The reasons for higher rates of sexually transmitted and non-sexually transmitted infections among African-American women are poorly understood. Differences in reported sexual behaviors do not account for the higher rates.
In every society in the world, a poorer woman is more likely to deliver prematurely or to have a very small infant. This is because poor women often lack adequate food, shelter, and prenatal care. Without adequate nutrition, a woman is likely to begin pregnancy well below her ideal weight-an additional risk factor for preterm labor.

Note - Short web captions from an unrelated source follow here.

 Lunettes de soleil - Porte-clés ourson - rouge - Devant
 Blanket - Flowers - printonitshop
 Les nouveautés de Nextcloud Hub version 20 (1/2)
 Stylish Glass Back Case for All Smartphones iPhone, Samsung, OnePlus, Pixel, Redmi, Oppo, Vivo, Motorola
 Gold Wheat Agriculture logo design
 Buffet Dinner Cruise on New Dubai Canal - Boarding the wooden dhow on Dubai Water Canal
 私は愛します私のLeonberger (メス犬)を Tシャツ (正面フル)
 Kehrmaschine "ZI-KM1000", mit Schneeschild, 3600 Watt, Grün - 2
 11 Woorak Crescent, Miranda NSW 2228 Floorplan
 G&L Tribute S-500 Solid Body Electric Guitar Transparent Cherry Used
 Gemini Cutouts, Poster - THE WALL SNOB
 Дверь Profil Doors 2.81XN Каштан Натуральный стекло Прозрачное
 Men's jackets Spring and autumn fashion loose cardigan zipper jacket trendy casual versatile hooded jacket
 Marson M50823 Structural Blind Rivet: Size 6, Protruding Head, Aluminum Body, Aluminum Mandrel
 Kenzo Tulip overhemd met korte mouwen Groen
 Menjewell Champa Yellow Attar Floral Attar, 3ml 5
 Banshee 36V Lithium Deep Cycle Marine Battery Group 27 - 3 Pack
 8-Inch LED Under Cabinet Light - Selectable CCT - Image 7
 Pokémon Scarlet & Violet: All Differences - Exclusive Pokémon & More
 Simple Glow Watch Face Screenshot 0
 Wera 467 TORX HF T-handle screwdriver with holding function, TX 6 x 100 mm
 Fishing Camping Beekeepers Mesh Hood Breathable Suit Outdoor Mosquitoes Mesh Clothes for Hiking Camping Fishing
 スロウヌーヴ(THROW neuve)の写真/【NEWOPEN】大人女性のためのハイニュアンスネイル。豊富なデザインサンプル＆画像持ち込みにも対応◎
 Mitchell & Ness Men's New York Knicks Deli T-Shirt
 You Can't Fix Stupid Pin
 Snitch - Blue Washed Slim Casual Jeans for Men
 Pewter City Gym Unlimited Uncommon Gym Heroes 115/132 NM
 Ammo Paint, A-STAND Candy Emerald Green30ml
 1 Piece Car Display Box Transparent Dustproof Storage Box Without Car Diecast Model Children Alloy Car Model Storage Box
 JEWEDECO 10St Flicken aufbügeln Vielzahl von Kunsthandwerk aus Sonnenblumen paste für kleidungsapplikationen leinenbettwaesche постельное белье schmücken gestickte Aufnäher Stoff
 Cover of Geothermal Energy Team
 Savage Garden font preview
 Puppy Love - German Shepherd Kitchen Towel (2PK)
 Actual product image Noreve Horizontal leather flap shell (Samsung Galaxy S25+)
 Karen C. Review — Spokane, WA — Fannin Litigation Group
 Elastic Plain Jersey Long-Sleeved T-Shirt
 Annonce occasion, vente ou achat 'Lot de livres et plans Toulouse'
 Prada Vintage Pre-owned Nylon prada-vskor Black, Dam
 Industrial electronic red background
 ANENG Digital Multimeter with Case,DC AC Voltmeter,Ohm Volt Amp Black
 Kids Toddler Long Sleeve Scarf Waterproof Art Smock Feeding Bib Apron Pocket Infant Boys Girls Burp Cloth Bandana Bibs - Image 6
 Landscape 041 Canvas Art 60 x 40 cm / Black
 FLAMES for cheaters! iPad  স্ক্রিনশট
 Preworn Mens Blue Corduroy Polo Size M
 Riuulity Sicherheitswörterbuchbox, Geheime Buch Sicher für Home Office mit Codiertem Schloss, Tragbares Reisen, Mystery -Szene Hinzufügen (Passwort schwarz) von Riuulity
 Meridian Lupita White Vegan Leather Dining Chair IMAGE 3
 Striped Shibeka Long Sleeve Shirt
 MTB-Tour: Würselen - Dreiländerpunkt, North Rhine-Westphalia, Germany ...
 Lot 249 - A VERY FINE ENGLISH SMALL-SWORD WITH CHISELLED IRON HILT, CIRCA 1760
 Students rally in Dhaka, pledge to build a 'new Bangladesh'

Preterm births are also more likely when the father of the baby or the mother's father is unemployed. These factors are associated not only with poverty but also with inadequate or no health insurance, which affects a woman's ability to get quality prenatal care. The stresses associated with poverty and unemployment may also contribute to preterm birth.
A number of social factors affect a woman's risk for preterm labor. Her risk increases if she:
- is less than 16 years old or more than 40 years old;
- is single;
- drinks alcohol, uses recreational drugs, or smokes (smoking can double the risk of premature birth);
- lacks social support, like a family or community network (this is especially problematic if a woman is caring for several children under six years old or if she lacks transportation for prenatal care); and
- suffers from physical or psychological stress (for example, living in a neighborhood with high crime rates).
Because some of the signs and symptoms and risks for preterm labor are not always obvious, it is important to receive consistent prenatal care. If you have any of the above signs, symptoms or risks, you should receive a thorough evaluation.